Courtesy of a program for select chefs developed by the Spanish Institute for Foreign Trade, Lightner dined in dozens of Spain’s top restaurants. He visited pig farms, olive oil plantations, and wineries; he studied in the kitchens of famed Spanish chefs like Juan Mari Arzak, Martin Berasategui, Andoni Luis Aduriz, and Ferran Adrià (whose El Bulli routinely tops lists of the best restaurants in the world).

Lightner worked a 17-month stint at the Michelin-rated San Sebastián eatery Mugaritz, where he rose from unpaid kitchen intern to sous-chef in six months. The next stop was Copenhagen’s Noma, another top European kitchen.

With his return to the Rose City, Lightner is poised to add a new chapter to Castagna’s—and its owner, Monique Siu’s—impact on Portland’s dining scene. The new menu is composed, accessible, affordable, and most of all, delicious.

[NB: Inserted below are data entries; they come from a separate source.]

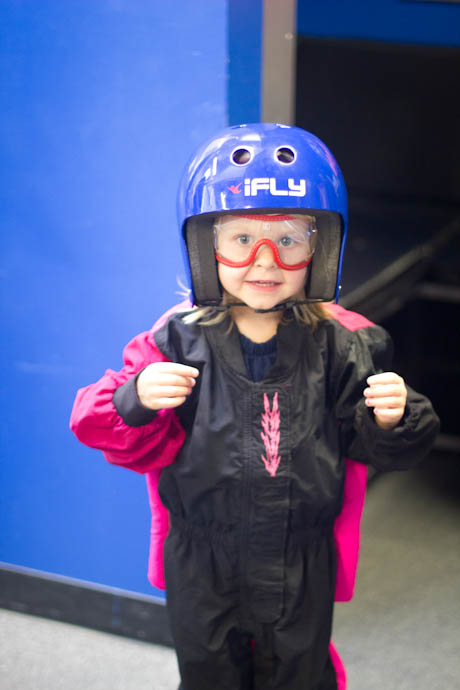 indoor skydiving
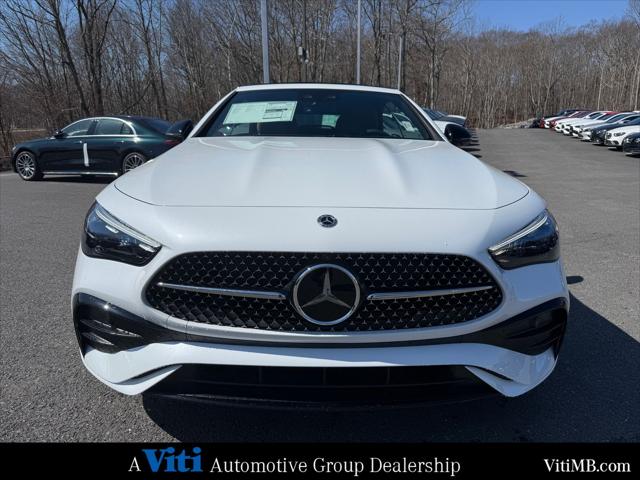 2026 Mercedes-Benz CL CLE 450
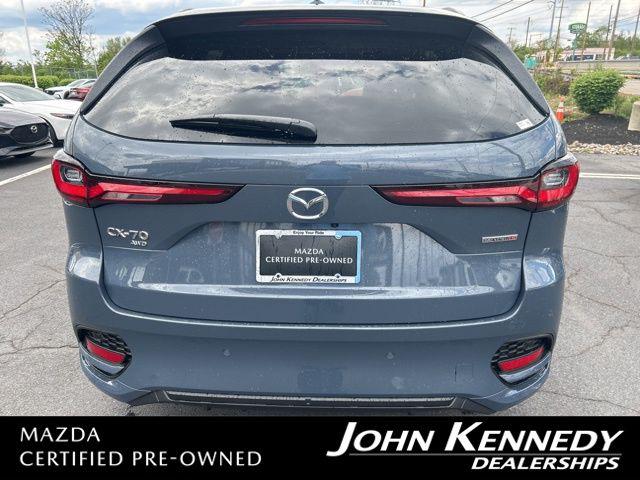 2025 Mazda CX-70 3.3 Turbo S Premium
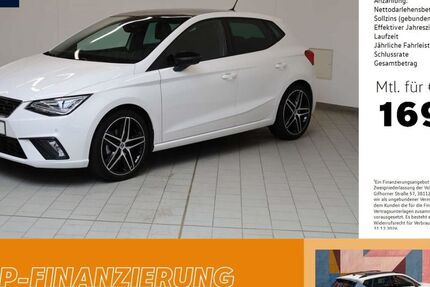 Seat Ibiza 41.507 km 21.480 &euro; Amberg 92224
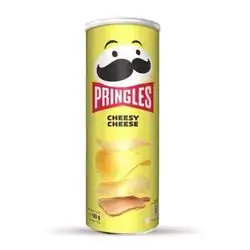 Pringles Chips Cheesy Cheese 165g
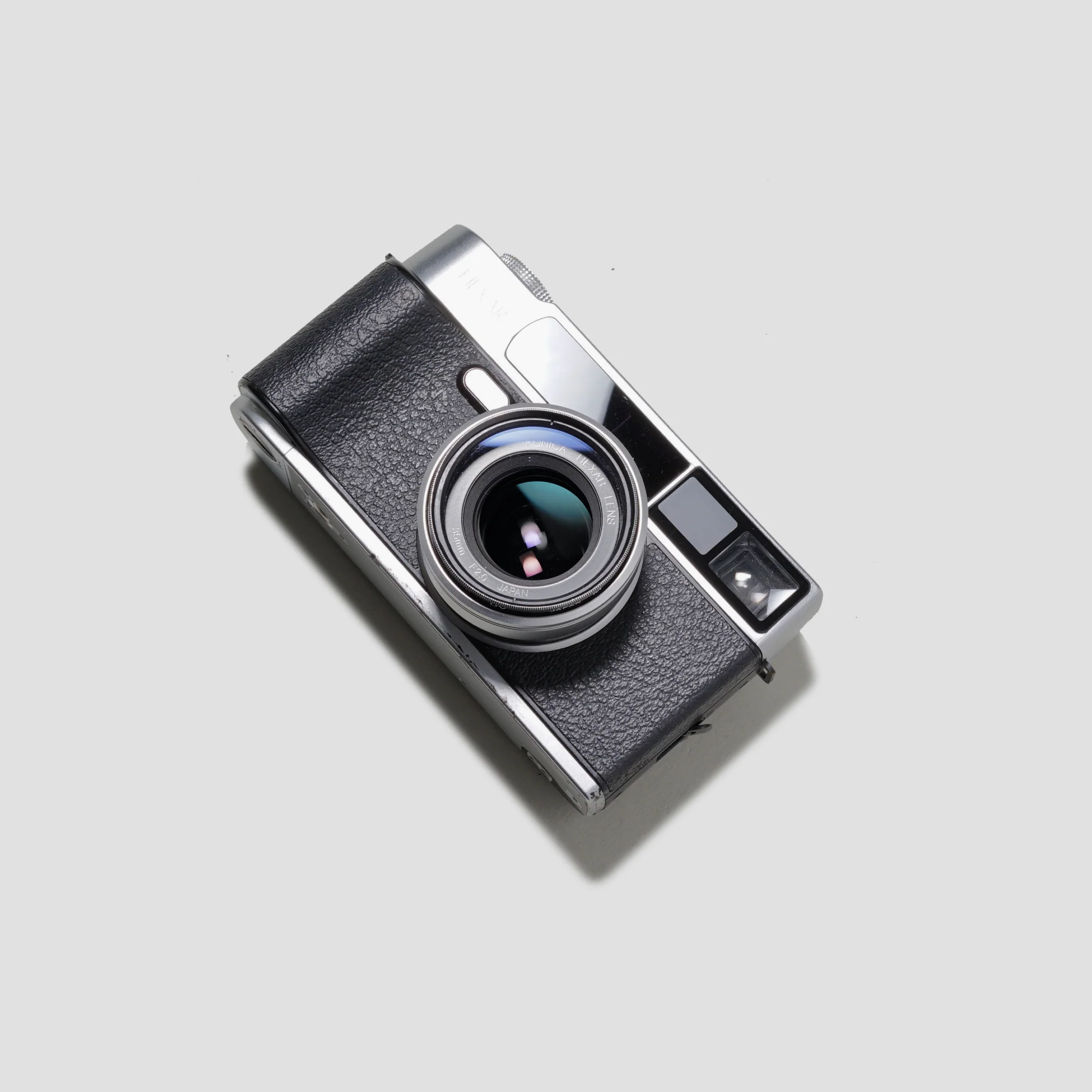 Konica Hexar Gray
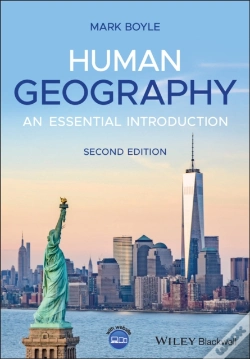Capa do artigo Human Geography
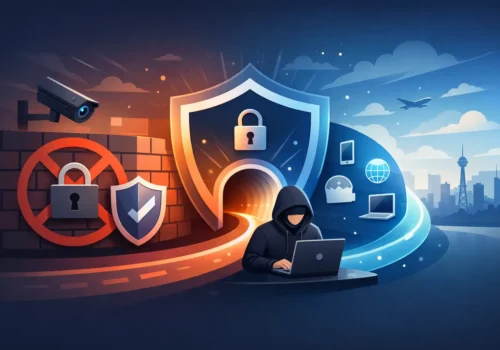 VPN Censorship Bypass That Actually Works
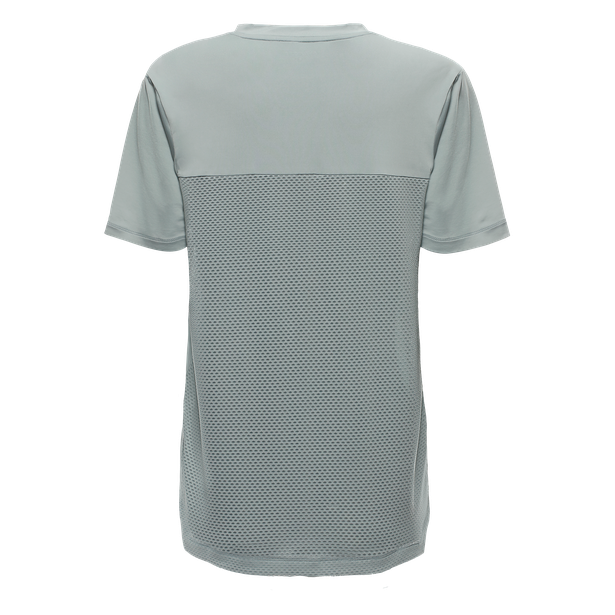 Hg Rox Jersey Ss - Maglie da mtb a manica corta in tessuto resistente e traspirante con elementi anti-abrasivi - Donna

Take the matsutake mushrooms. Grilled on a thick Spanish-made flat-top called a plancha, the fungi are slightly taut with a caramelized exterior, and are presented with paper-thin slices of raw matsutakes—all served in a broth infused with forest herbs and mushrooms. Unlike most broths, which are raised to boiling point, Lightner’s infusion is prepared sous vide (ingredients are cooked at a low temperature inside of a vacuum-sealed plastic bag), allowing the liquid to absorb the essence of the ingredients without overcooking them. Finished with toasted pine nuts and fresh trout roe, the dish is a gastronomical portrait of place—in this case, the tastes, textures, and smells of the Oregon forest.

 

Matt Lightner in the kitchen at Castagna

The Dungeness crab is equally picturesque: flawlessly cooked in its shell (also sous vide), the rich, meaty fibers mingle with brown butter and amaranth specked with slivers of preserved lemon skin, all surrounded by daubs of tangy cardamom-infused lemon foam. The result is as beautiful as it is delicious.

Castagna’s rib eye is cooked to a tender medium rare, then blanketed with a paper-thin slice of house-smoked lardo (cured pork fat)—one of gastronomy’s greatest treats. Cooking it sous vide before grilling it allows the meat to retain its prized marbling and also gives it a remarkable tenderness that’s complemented by the velvety complexity of lardo.

In a city where protein is often the pièce de résistance, Lightner’s vegetables are a showcase of exceptional skill. Salsify, a rich, starchy root vegetable, is caramelized and mixed with herbed marrow and crunchy bread crumbs. An onion is prepared in four distinct ways—poached, grilled, pickled, and smoked—then served with a buttery hunk of salted black cod. Every dish is finished with flower petals, micro-herbs, and botanicals plucked with tweezers from newly installed planter boxes behind the restaurant.

For the ever-confident Siu, Lightner’s “nontraditional approach” was appealing. “Menus have gotten very similar in this city,” she says. “I wanted to try to give Portland something different.” Indeed, Castagna’s bold new menu proves the Grand Tour’s enduring truth—that your home will be enriched when you’ve traveled far.